**Task details**
Each line below from the one containing "Villa Inside The" through the one containing "622 E Enclave" should be output exactly as it stands, and no other line should appear.

**Data**
= = =
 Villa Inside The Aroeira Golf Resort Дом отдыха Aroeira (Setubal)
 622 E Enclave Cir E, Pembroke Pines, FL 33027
= = =
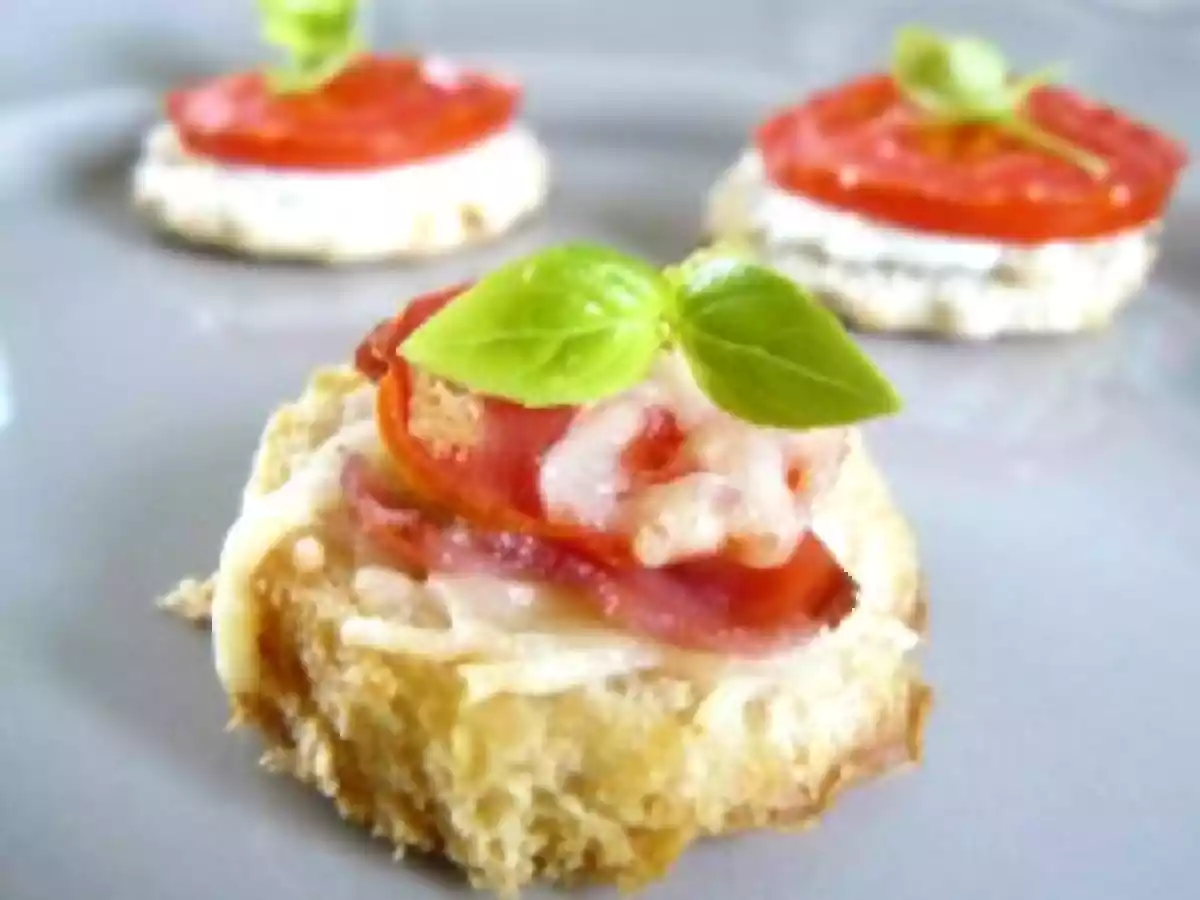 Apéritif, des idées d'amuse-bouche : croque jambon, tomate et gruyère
= = =
**Response for this exercise**
 Villa Inside The Aroeira Golf Resort Дом отдыха Aroeira (Setubal)
 622 E Enclave Cir E, Pembroke Pines, FL 33027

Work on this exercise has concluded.